Expect Sora to have the same restrictions on content as Dall-E 3 : no violence, no porn, no appropriating real people or the style of named artists. Also as with Dall-E 3, OpenAI will provide a way for viewers to identify the output as AI-created. Even so, OpenAI says that safety and veracity is an ongoing problem that’s bigger than one company. “The solution to misinformation will involve some level of mitigations on our part, but it will also need understanding from society and for social media networks to adapt as well,” says Aditya Ramesh, lead researcher and head of the Dall-E team.
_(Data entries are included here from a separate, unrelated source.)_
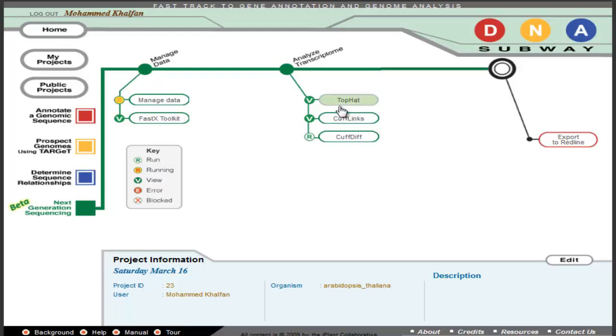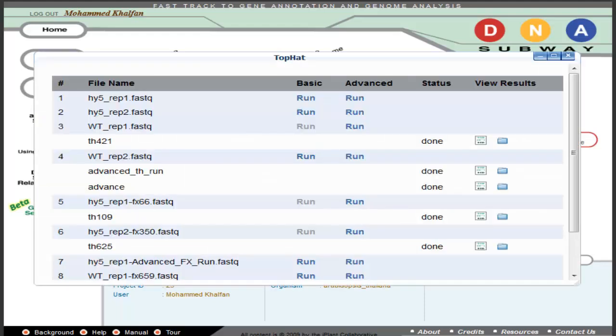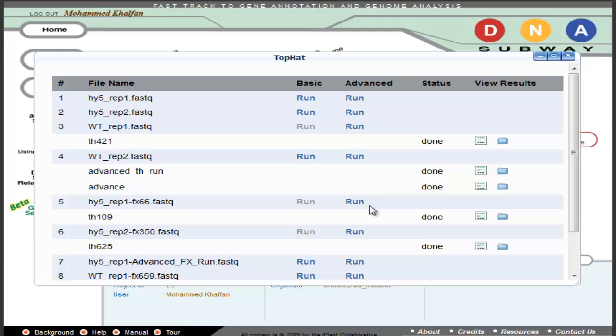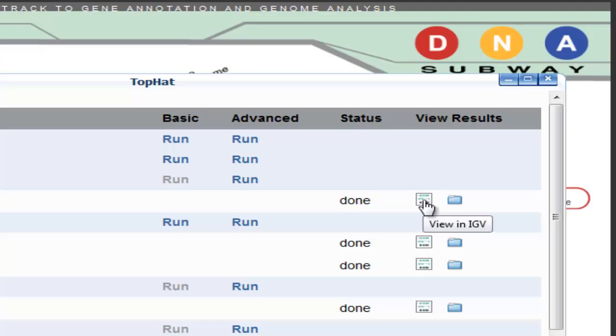At these various stops, as shown previously, you'll be able to run using either basic defaults or customized advanced parameters. Then, you can either download your results, or in some cases, view the reads using IGV Viewer.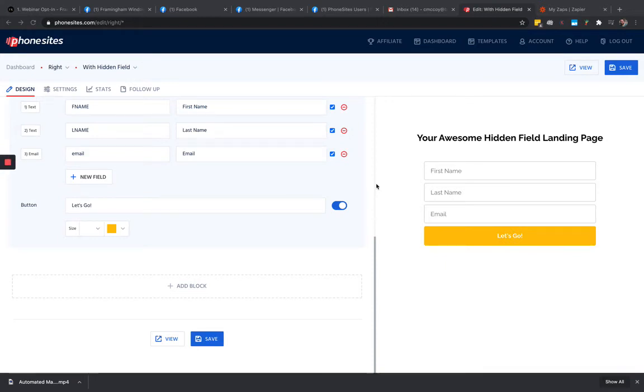Hey, PhoneSites users. Are you looking to make your button on your site pop out just a bit more?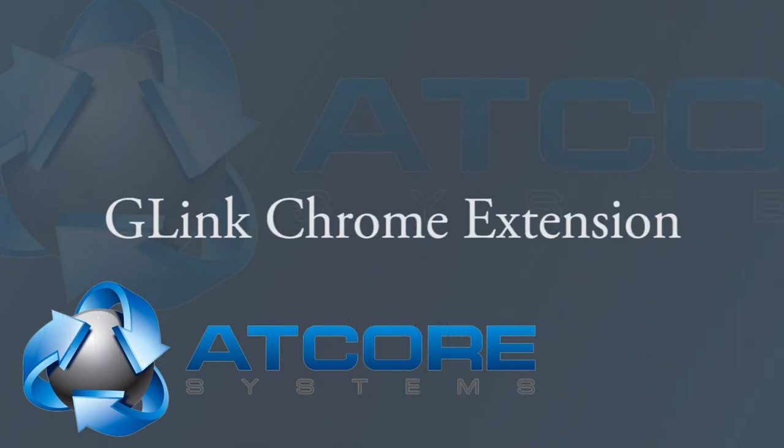Congratulations! You have successfully completed this tutorial covering the G-Link Chrome extension and are well on your way to becoming an expert user. Feel free to come back to these videos anytime that you need a refresher or if you need any further assistance then contact the SugarCRM support staff. Thanks!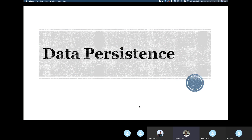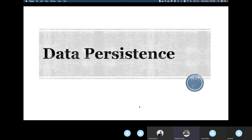Hello everyone, welcome back to our SDIP sessions. Today we will be discussing data persistence. By the name of it, you can understand it's a very broad topic that can cover many things. I will try to cover most of those areas, and we are open to suggestions if there is anything you want to look into specifically — we can add it up.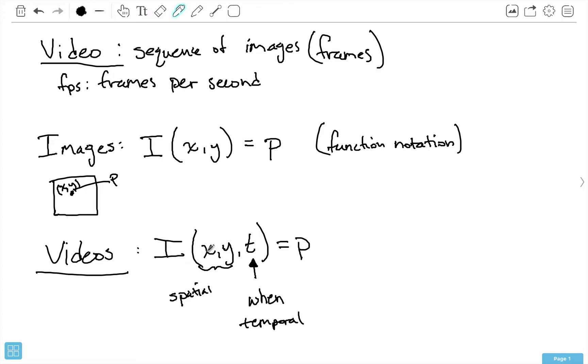X,Y has to deal with the spatial positioning of the pixels in a particular frame. T has to deal with when is that frame. That's why for videos we need three values here instead of just two values. Two values for images, because just using X and Y isn't sufficient for finding a particular pixel in the video. With video we don't have a single image, we have a sequence of images.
AI-generated video made with the prompt “several giant wooly mammoths approach treading through a snowy meadow, their long wooly fur lightly blows in the wind as they walk, snow covered trees and dramatic snow capped mountains in the distance, mid afternoon light with wispy clouds and a sun high in the distance creates a warm glow, the low camera view is stunning capturing the large furry mammal with beautiful photography, depth of field.”Courtesy of OpenAI

Another potential issue is whether the content of the video Sora produces will infringe on the copyrighted work of others. “The training data is from content we’ve licensed and also publicly available content,” says Peebles. Of course, the nub of a number of lawsuits against OpenAI hinges on the question whether “publicly available” copyrighted content is fair game for AI training.
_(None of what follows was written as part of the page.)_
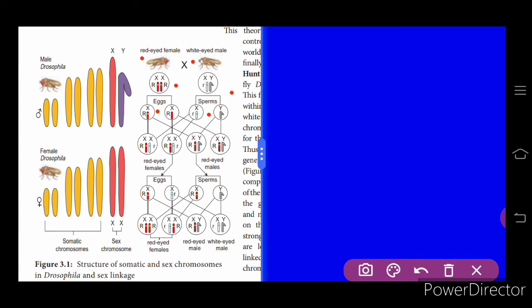When XX chromosomes fuse they form a female, and XY forms a male. When all X chromosomes are normal, red-eyed females are produced. Either female or male, if at least one normal X chromosome is present, the red-eyed condition appears. The red-eyed female that is normal and white-eyed male that is mutant can each produce their respective gametes.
It will be a very long time, if ever, before text-to-video threatens actual filmmaking. No, you can’t make coherent movies by stitching together 120 of the minute-long Sora clips, since the model won’t respond to prompts in the exact same way—continuity isn’t possible. But the time limit is no barrier for Sora and programs like it to transform TikTok, Reels, and other social platforms. “In order to make a professional movie, you need so much expensive equipment,” says Peebles. “This model is going to empower the average person making videos on social media to make very high-quality content.”

As for now, OpenAI is faced with the huge task of making sure that Sora isn’t a misinformation train wreck. But after that, the long countdown begins until the next Christopher Nolan or Celine Song gets a statuette for wizardry in prompting an AI model. The envelope, please!